After meeting my friend we head to Charlotte and Billy’s for lunch. I haven’t seen Charlotte since just after Findley died. We arrived and I can sense she’s a little uneasy. We sit down and she take out some lunch, I am totally not interested in eating, I sit and watch Myla eating her lunch. I realise I will never see Findley eating or smiling and laughing like Myla is. Is hurt thinking this, a deep down pain.
I don’t really think I am in the room, I mean I am there but my mind is a million numbing miles away. We chat away and I join in the conversation half-heartedly. I realise I need to go home, am tired and I think that am on the brink of not coping any more. I say I think it’s time to go, and I wish we had just gotten and left but we didn’t. I feel the tears starting to build, and I am starting to panic, I start crying and I want to go home, I can’t tell you why I am crying but I am, and now I can see choc and Billy are both not sure what to say or do.
We head off, am annoyed am crying and making people feel uneasy.

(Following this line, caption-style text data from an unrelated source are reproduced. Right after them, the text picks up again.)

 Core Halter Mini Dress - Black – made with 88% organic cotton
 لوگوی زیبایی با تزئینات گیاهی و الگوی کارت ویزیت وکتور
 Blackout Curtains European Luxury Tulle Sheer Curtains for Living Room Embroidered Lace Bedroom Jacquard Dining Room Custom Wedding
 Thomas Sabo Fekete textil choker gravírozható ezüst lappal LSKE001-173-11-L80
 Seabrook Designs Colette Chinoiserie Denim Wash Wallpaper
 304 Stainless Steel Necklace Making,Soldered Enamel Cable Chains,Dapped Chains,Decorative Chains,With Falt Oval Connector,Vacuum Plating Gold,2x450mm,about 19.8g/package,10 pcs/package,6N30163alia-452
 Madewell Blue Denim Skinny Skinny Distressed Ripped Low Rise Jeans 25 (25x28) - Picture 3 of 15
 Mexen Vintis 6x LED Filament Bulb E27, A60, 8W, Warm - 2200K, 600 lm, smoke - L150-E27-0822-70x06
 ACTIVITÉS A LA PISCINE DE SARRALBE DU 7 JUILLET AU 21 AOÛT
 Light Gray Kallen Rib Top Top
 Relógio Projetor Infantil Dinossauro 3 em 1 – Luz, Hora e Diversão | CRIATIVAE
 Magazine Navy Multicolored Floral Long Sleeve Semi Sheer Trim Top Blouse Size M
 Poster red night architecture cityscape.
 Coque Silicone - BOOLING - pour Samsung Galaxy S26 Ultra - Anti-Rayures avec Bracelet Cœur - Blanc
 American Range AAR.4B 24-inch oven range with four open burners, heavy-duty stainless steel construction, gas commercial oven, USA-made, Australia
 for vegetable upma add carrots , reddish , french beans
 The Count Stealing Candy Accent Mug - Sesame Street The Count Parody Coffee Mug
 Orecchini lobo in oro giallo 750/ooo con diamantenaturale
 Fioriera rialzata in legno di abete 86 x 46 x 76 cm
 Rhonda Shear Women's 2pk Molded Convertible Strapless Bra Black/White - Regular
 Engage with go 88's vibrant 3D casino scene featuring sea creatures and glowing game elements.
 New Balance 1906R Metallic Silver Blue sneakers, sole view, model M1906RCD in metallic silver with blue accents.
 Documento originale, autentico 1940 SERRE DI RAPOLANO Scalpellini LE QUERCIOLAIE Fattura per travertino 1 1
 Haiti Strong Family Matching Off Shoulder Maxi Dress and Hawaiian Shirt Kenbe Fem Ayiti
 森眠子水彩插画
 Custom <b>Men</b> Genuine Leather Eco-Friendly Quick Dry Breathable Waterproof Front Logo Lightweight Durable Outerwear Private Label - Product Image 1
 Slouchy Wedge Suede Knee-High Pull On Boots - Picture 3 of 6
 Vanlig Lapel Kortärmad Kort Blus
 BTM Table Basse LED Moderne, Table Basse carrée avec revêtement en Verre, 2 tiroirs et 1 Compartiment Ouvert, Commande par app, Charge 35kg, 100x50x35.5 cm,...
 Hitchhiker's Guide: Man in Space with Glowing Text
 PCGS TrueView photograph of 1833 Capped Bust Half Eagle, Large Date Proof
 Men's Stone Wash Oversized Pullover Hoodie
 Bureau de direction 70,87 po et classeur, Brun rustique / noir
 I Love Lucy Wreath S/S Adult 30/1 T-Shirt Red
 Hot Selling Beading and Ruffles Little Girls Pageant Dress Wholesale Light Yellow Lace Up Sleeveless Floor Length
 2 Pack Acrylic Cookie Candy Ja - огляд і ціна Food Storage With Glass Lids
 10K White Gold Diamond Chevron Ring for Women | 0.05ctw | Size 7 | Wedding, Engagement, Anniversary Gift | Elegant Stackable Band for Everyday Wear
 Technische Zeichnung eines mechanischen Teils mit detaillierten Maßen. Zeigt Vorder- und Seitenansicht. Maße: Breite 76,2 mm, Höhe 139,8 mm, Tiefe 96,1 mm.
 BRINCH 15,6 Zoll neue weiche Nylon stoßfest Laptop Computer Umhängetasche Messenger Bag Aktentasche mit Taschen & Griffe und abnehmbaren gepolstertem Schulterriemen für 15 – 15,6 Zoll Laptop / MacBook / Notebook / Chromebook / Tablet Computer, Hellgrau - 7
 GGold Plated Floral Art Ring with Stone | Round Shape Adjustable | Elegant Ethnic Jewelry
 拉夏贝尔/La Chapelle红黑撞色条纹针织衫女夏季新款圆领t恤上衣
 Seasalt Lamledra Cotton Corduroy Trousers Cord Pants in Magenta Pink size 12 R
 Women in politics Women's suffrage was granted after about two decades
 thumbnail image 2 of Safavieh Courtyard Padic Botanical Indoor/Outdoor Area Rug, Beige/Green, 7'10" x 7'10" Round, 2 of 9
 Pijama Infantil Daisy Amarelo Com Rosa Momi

I spend the rest of the day googling, I phone and leave a message on the greif midwifes phone, we have some questions we want answered, and we got s letter asking us to be involved with how we felt our care had gone.
Thank goodness it’s bed time, googling is exhausting, I am only reading what I want to read as well. I read about people who had babies after still births. My arms ache.
I don’t want to replace you my precious little boy I just have so much love to give.